Contenido sistemático

Los tribunales de honor son unas instituciones típicamente españolas, sin parangón en el Derecho extranjero, que nacen en el ámbito castrense para juzgar oficiales -no a suboficiales o clase de tropa- por causa de mala conducta o actos deshonrosos y, por lo tanto, ajenos a las reglas puramente jurídicas. Tal y como los describe el Tribunal Constitucional en su Auto 601/1985, tales Tribunales funcionaban para sancionar disciplinariamente faltas muy graves que, por ello, podrían llevar aparejada la separación del servicio y el Tribunal de Honor era muchas veces una vía alternativa del expediente disciplinario. 
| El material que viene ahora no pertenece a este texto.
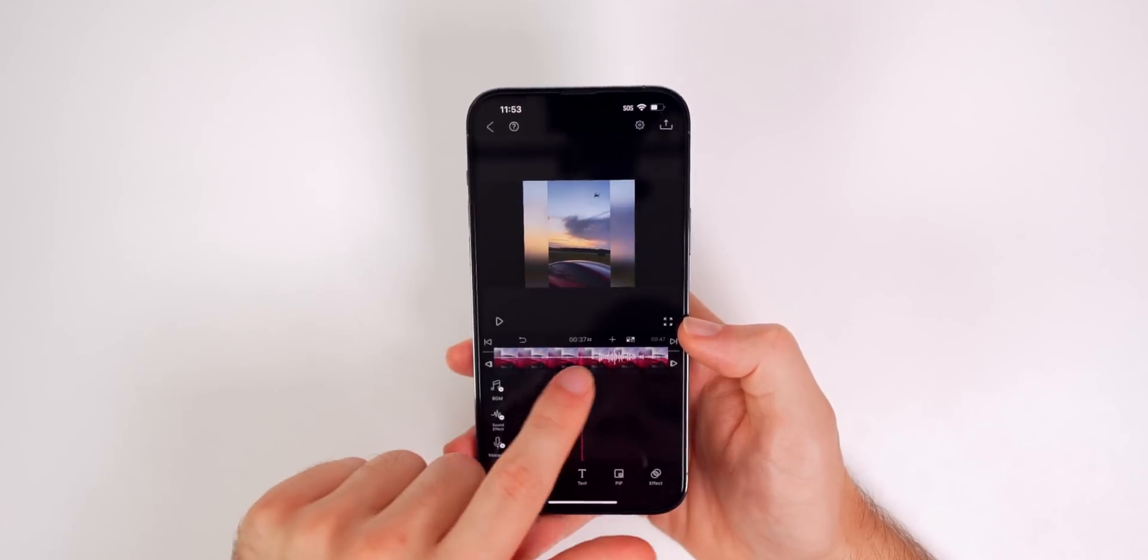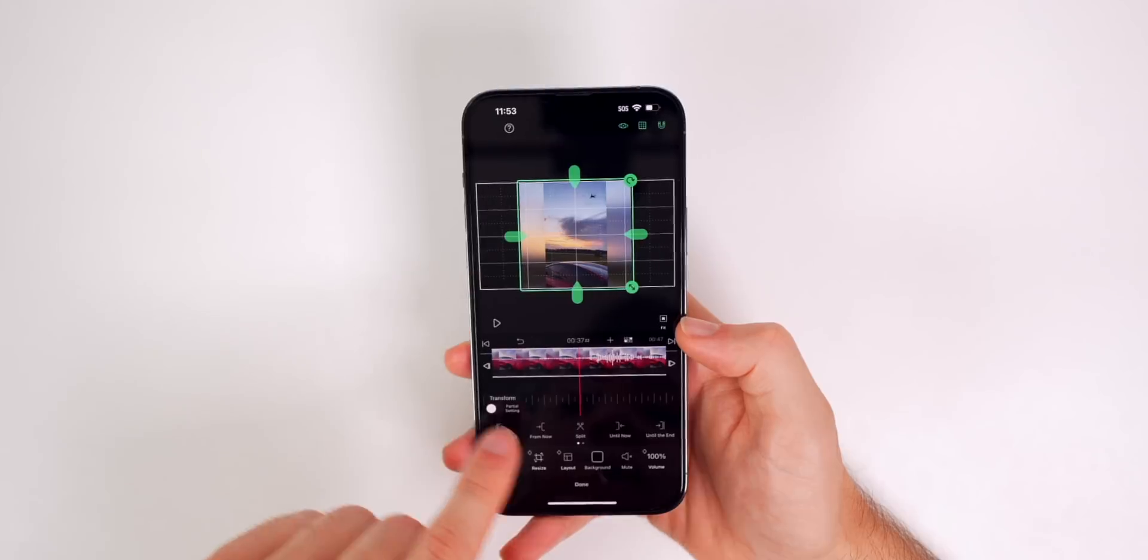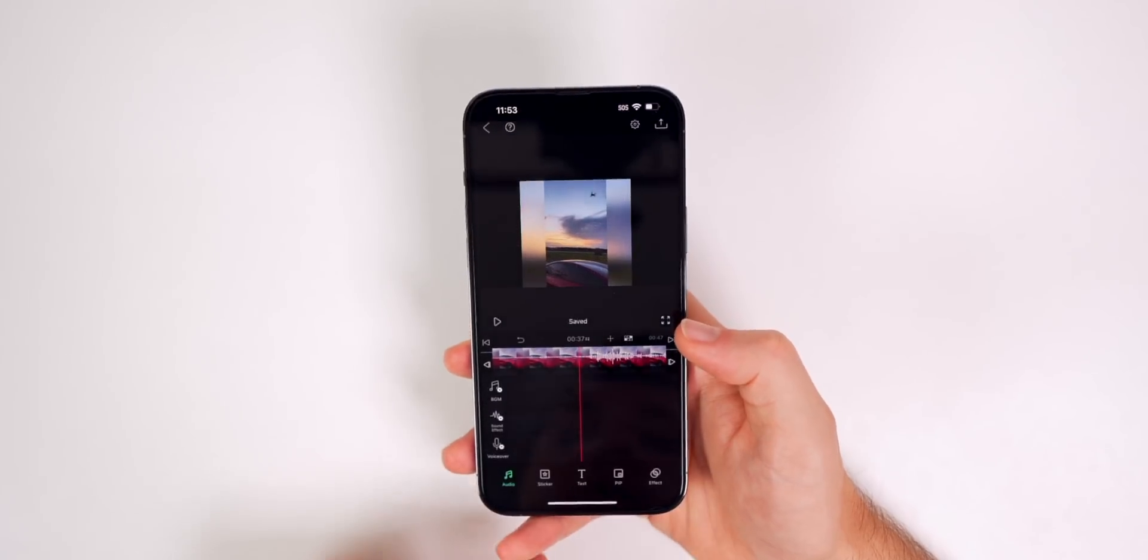Very, very simple. It will add another row right here for you to edit the audio as well.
Su origen se encuentra en el Real Decreto de 3 de enero de 1867, extendiéndose posteriormente al ámbito de la Administración pública (en la legislación de funcionarios civiles de 1918) y, más tarde, a la esfera privada, en especial a los colegios profesionales. 

Tanto en la Administración pública como en el ámbito castrense fueron configurados como órganos formados por los pares del acusado, con la finalidad de verificar, tras las acusaciones, la dignidad del mismo para pertenecer al cuerpo o profesión de la que era miembro. De resultar declarado indigno, el sujeto era expulsado del cuerpo, sin que pudiera interponer recurso alguno. 

El propio Tribunal Supremo, aunque muy tardíamente, admitió recursos contra resoluciones de dichos tribunales de honor en los casos en los que se hallasen vicios formales. 

Estos tribunales no juzgaban actos aislados, sino conductas y estados de opinión acerca de la dignidad de un individuo para formar parte de un cuerpo. El bien jurídico protegido no era el honor del enjuiciado sino el del cuerpo al que pertenecía. El procedimiento era sencillo: se daba audiencia al interesado y se mantenía casi clandestina la tramitación, que concluía con la absolución o la separación del servicio y la consiguiente propuesta a la autoridad correspondiente.

La Constitución de 1931, en el último párrafo de su artículo 95, declaró abolidos todos los Tribunales de honor, tanto civiles como militares. Sin embargo, se reinstauraron estos órganos mediante la Ley de Tribunales de Honor, de 17 de octubre de 1941, en la cual se reguló su composición y procedimiento de forma unificada para toda la Administración pública. Finalmente, el sistema se completaría con la Ley de Funcionarios Civiles del Estado, de 7 de febrero de 1964. 

En el debate constituyente se suscitó la supresión de estos órganos, no incluida en el anteproyecto, siguiendo el modelo de la Constitución de 1931. A pesar de las numerosas propuestas para que también se declarase su prohibición en el ámbito castrense, solo se explicitó su prohibición en la Administración civil y para las organizaciones profesionales, por lo que podía entenderse la persistencia de los tribunales de honor en el ámbito militar. Ello planteó, desde entonces, dudas sobre el respeto al principio de unidad jurisdiccional contenido en el artículo 117 CE, así como al principio de non bis in idem en el derecho penal. 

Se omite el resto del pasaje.